Con una lunga esperienza nel settore economico, ha lavorato a Libero Mercato e Libero. Ora è alla Verità e scrive per Panorama e Verità & Affari

Il provvedimento Agcom

Sulla carta il provvedimento con il quale l’Agcom aumentato le tariffe di accesso delle altre compagnie alla rete in rame di Tim è una di quelle notizie che avrebbe dovuto trascinare le quotazioni dell’ex monopolista della telefonia. Eppure ieri il titolo Telecom ha chiuso una seduta in profondo rosso lasciando sul terreno circa il 4,20% a quota 0,2827 euro. Come mai? E’ vero che l’incremento è stato ridotto al 60% rispetto alla proposta in consultazione, ma comunque già nel 2023 ci sarà un incremento consistente dei prezzi nonostante le proteste degli altri operatori. Insomma, la rete acquista valore e non era per nulla scontato.  

Tant’è che i concorrenti sono in fermento. Crescono infatti le tariffe per l’accesso in rame e diminuiscono quelle  per la fibra con il chiaro obiettivo di spingere la migrazione verso le infrastrutture di nuova generazione. Secondo gli altri operatori però in questo modo si fanno gli interessi economici di Tim visto che sul 60% del territorio nazionale non esiste la doppia infrastruttura rame-fibra.

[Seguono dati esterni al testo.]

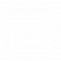 gallery/icon voor site
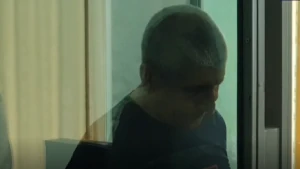 Сергій Ніділевич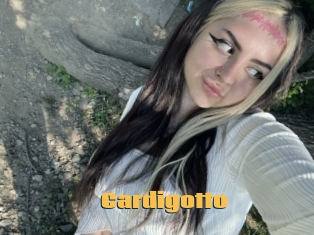Cardigotto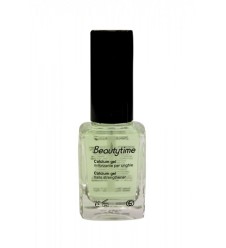 BEAUTYTIME CALCIUM GEL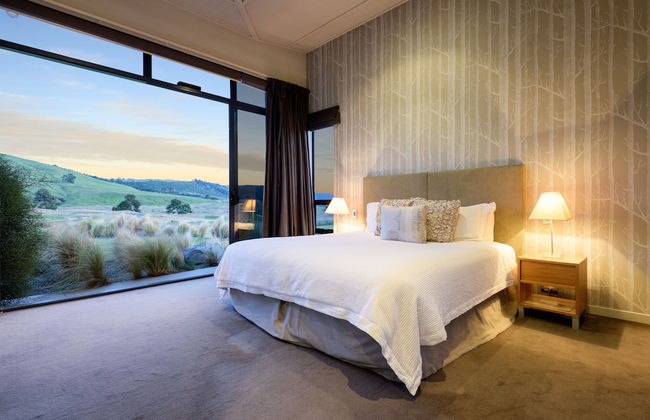 Dunalistair House at The Kinloch Club - Photo 5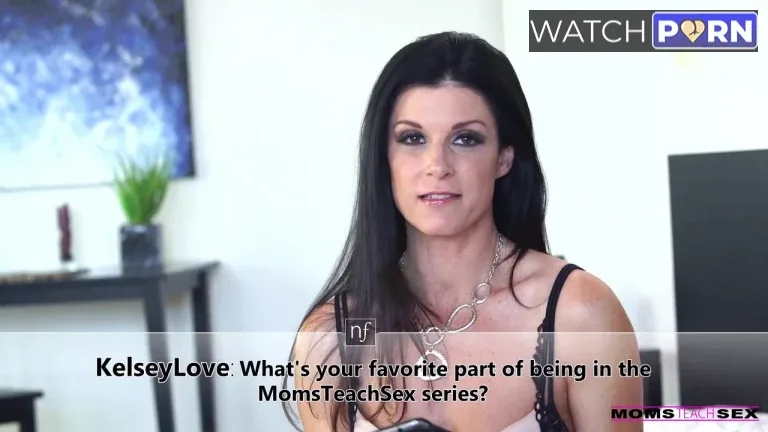 india summer ask me anything momsteachsex jpg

Che succede a Piazza Affari

Tornando alla Borsa, probabilmente, le motivazioni del crollo a Piazza Affari vanno ricercate altrove. E possono essere individuate nelle difficoltà del processo messo in atto per vendere la rete più Sparkle e Fibercop. Sul piatto, come ormai arcinoto, ci sono due offerte che economicamente si equivalgono valutando l’infrastruttura circa 20 miliardi di euro. Sia il fondo di private equity Kkr che la cordata Cdp-Macquarie sono però ben lontani dalle richieste di Vivendi. La forbice che era già notevole – va ricordato che il primo azionista ha sempre parlato di 31 miliardi – è diventata ancora più grande. Le nuove tariffe, infatti, aggiungono altro valore alla rete e da qui al 18 aprile (termine ultimo per ritoccare le offerte) Kkr e Cdp dovranno alzare l’asticella di un bel po’ se vorranno ottenere il via libera all’esclusiva da parte del consiglio di amministrazione di Tim.

La posizione di Vivendi

Sul Cda, inoltre, continua a soffiare il fiato sul collo del colosso dei media francese che non ha preso bene la decisione di prolungare dal 31 marzo al 18 aprile il termine ultimo per i rilanci. Secondo De Puyfontaine e gli altri manager francesi le due offerte non si avvicineranno mai alle loro richieste, insomma si starebbe solo perdendo tempo. 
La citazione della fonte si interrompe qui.